Kolkata: Former World No 1 tennis player and ex-coach of Serb superstar Novak Djokovic, Boris Becker on Saturday said current top women's doubles player Sania Mirza brings him luck and vice versa.
Becker, who is here for the 25k Kolkata marathon, was asked about his association with the Indian players. Answering the question, the iconic German said: "I am good friends with all three. In fact the player I see the most is (Sania Mirza) because she is so good and No.1 in doubles so I see her in most tournaments on the final weekend.
"We have this good luck routine and every time we are having lunch and she is with her doubles partner and I am with the team, she is winning the doubles tournament. So Sania insisted on all the important tournaments that we have lunch together because I bring her luck and she brings me luck," the 49-year old revealed.
Becker said this is the reason he is closest with Sania. "I am closest with her. And with all others I am good friends and we know each other for a very long time," he said.
Becker recently ended his three-year-old successful association with current World No. 2 Novak Djokovic. The 29-year-old Serb won six Grand Slams under Becker's tutelage.
Asked about the split, Becker said, "Any player-coach relationship doesn't last forever. We had three successful years and won many tournaments. It was time to go separate ways. I call him a very good friend and he can always call me when he needs me.
"We both decided there was a time we needed a break. Who knows what will happen in a year or two."
On Djovokic's recent slump in form which has seen Scotman Andy Murray pip him to the numero uno position, Becker said it's a matter of time before the 12-time Major winner starts winning next year.

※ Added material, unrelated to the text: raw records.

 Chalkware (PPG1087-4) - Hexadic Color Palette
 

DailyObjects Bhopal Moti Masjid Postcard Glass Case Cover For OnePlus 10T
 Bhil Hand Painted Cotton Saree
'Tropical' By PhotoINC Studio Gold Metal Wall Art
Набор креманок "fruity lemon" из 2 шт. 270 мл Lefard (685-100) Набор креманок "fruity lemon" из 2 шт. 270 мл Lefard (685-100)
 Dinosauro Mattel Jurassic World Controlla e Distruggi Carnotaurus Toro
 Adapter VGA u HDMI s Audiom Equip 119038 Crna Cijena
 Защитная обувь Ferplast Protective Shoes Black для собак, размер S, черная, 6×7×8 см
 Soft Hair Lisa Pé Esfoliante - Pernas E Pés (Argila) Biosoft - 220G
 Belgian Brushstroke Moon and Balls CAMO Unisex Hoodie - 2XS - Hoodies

"I think it was a novel evolution for Novak. He is not a machine, he is human. He has had his moments and sometimes when you have a long career you need to see the bigger picture. I'm sure he will come back next year and start winning again."
Asked while taking up coaching seriously, was he influenced by anybody, Becker said: "I was running the German junior team for five years after my retirement in (1999) so I had my first hand coaching experience coaching the young German team some of whom made the world top 10.

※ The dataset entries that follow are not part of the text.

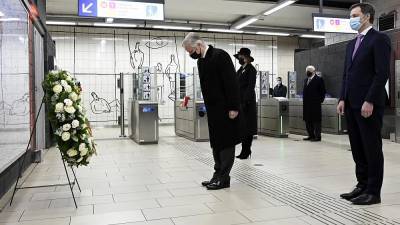 король Филипп - В Бельгии прошли церемонии в память погибших в результате терактов 2016 года - ru.euronews.com - Бельгия - Австралия - Испания - Брюссель - Ляйен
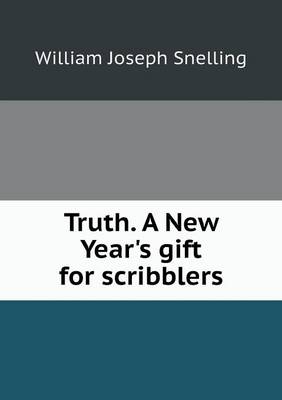 Book cover for Truth. A New Year's gift for scribblers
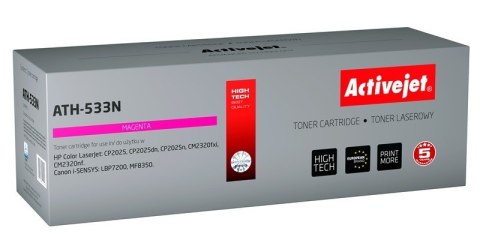 Activejet ATH-533N Toner (zamiennik HP 304A CC533A, Canon CRG-718M; Supreme; 3200 stron; czerwony) Activejet Activejet ATH-533N Toner (zamiennik HP 304A CC533A, Canon CRG-718M; Supreme; 3200 stron; czerwony) Activejet
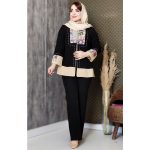 ست کت شلوار کوک دوزی مازراتی - مانتو پاتریس رشت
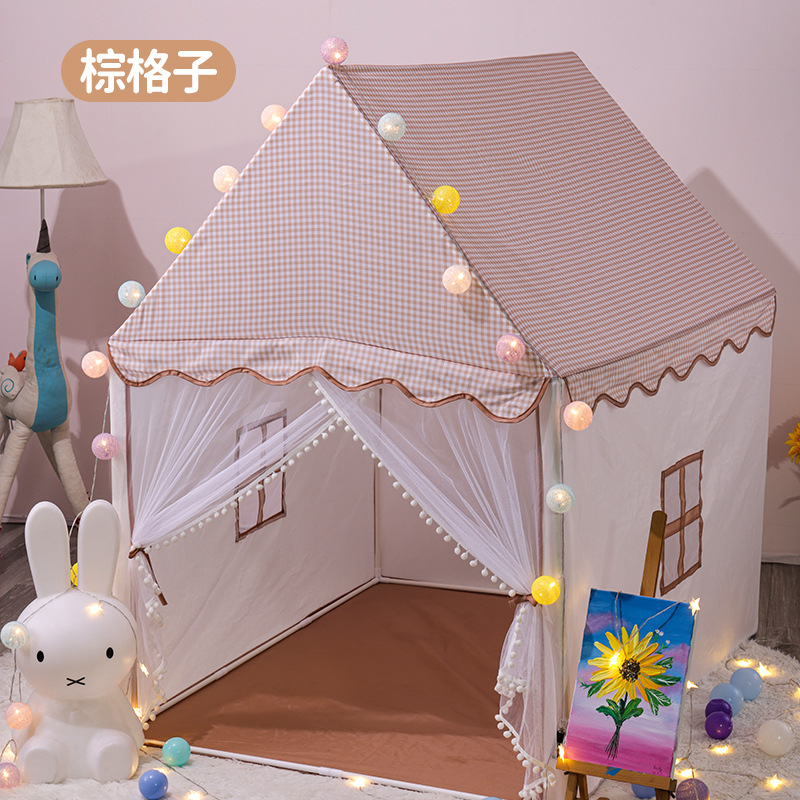 新款公主城堡室内儿童帐篷亲子房女孩过家家小屋梦幻儿童屋玩具格子屋游戏屋产品图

"Coaching is in a way difficult for a successful player because coaching is not about you but about the player you coach. And if you're a successful player your ego tends to come in between and it's a lot about yourself.
"The number one rule for coaching is it is not about you but the player you're coaching. I think it takes a little bit of maturity, bit of wisdom and a bit of years on your shoulders to understand it. I think I am a better coach now than I was 10 years ago."
Becker, a six-time Grand Slam winner, said every tournament he has played is special.
"I have played over 1,000 matches and each match was always difficult. As I said Wimbledon final is not won only on a Sunday but on those Monday morning when you struggle to go through the first round.
"An Olympic gold is much more memorable now that in 92 than when I was playing because I was between Wimbledon and the US Open. So sometimes you get a bit lost in transition. Becoming No.1 is the ultimate goal for any sportsman. But it doesn't happen overnight but over 12 months.